[Blog Post] Voynich Manuscript: word vectors and t-SNE visualization of some patterns

[Blog Post] Voynich Manuscript: word vectors and t-SNE visualization of some patterns - Printable Version

+- The Voynich Ninja (https://www.voynich.ninja)
+-- Forum: Voynich Research (https://www.voynich.ninja/forum-27.html)
+--- Forum: News (https://www.voynich.ninja/forum-25.html)
+--- Thread: [Blog Post] Voynich Manuscript: word vectors and t-SNE visualization of some patterns (/thread-138.html)

Voynich Manuscript: word vectors and t-SNE visualization of some patterns - voynichbombe - 19-01-2016

You are not allowed to view links. Register or Login to view.

RE: Voynich Manuscript: word vectors and t-SNE visualization of some patterns - Anton - 19-01-2016

(Moved to News and changed the thread name to the article title.)

Looks potentially interesting but the blogpost itself sadly omits the methodology and the targets. Something's going on there, but, from the post, we don't know what Smile

RE: Voynich Manuscript: word vectors and t-SNE visualization of some patterns - voynichbombe - 19-01-2016

I guess it would need more reading into the blog owners targets and methods. Machine learning is no piece of cake Angel

I'll try to invite the writer to take part in the discussion.

RE: Voynich Manuscript: word vectors and t-SNE visualization of some patterns - voynichbombe - 24-01-2016

In the meantime Nick already took on the topic on his blog (and strongly rests his tounge in cheek about it).

I thought I'd nevertheless give my account of understanding on the methodology (and it's fallacies, imho) mentioned in the blog post. It should be noted that it is more a rough sketch of what could be done than a conclusive study. One will notice some learned critique in the comments.
Taking my meager learnings of AI/neural network training from waay back, I'd describe it as follows:
At first a shallow (hence "flat") artifical neural network is trained to find vectors (distance and direction) for sets of certain words and thus trying to uncover contextual relationships in a language unknown. This should work quite well, but largely depends on "normalization" of the input text.

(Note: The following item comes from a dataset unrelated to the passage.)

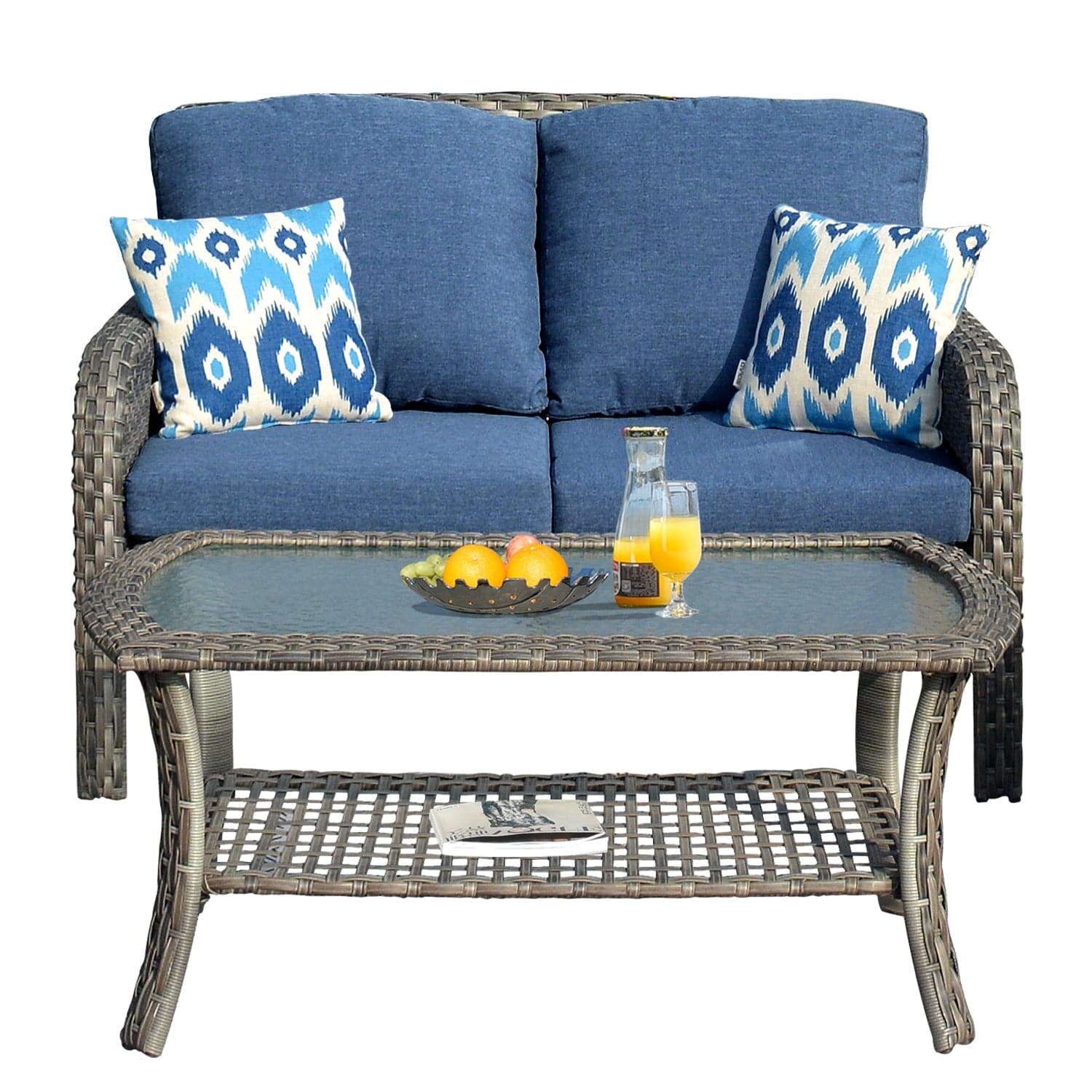 #color_Grey Wicker Denim Blue Cushion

For example one would only choose fitting parts of the text which do not contain _any ambiguities.
It is already complicated here, because there are many assumptions that tune the output:

- EVA transcription
- natural language(s) which are culturally extinct
- the copying scribes were already out of knowledge of either the whole of the language, or a lot of it's details, hence "!" and "*" characters stand for unrecognized/ambiguous glyphs and lines containing it have to be ignored.

It gets even more assumptious when taking the next stage, "machine translation", which should also work quite well, given one already knows the meaning of some of the words in the unknown language. In this case it's the "star names" the author pretends (note he uses the term deliberately) to know.

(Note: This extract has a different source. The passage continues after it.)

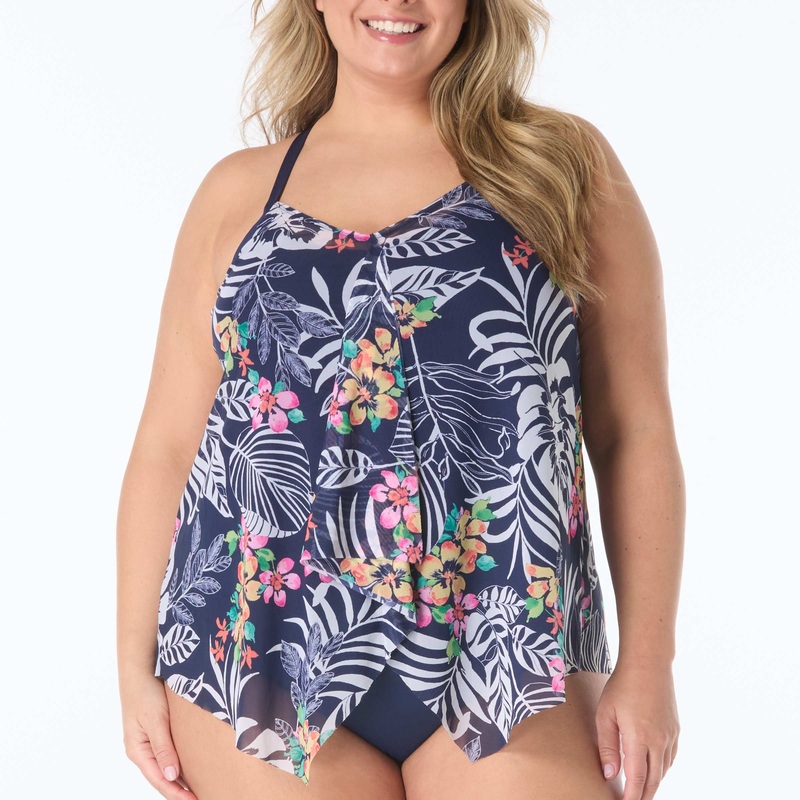 Kerry Mesh Underwire Plus Tankini – HW3E355 – Indigo Jungle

So much so far from my side. I intend to consultate a friend of mine who is into autonomuous robotics and everything that comes along.. I also tried to invite the author, no luck so far.

While there might be only show stoppers for some of you, I think the approach is very interesting and should be investigated by more knowledgable peers.

RE: Voynich Manuscript: word vectors and t-SNE visualization of some patterns - Anton - 25-01-2016

I am acquainted with the ANN basics, the problem is not with that, but with that we don't find in the article some very important points such as:

- what are the authors' objectives
- what are the steps intended to reach them
- what are the limitations of the proposed approach (iif any)
- what were the steps actually taken
- what the results mean, or are supposed to mean (I really don't understand that cluster pic, it is presented that the two clusters of vords result somehow, but what are they for or what do they tell us - it's not clear)

As Rene pointed elsewhere, it is not clear what were the input text blocks and whether input feeding was consistent.

It would be a very interesting result if, say, based on analysis of the VMS text except f68r1 and f68r2, we would obtain the suggestion (from the ANN algorythm) that all vords serving as star labels in f68r1 and f68r2 are "similar". Is this the result obtained in the paper? I don't know. It's excessively brief and a bit messy. We just need more detail and incorporation of the "objective -> result" discourse.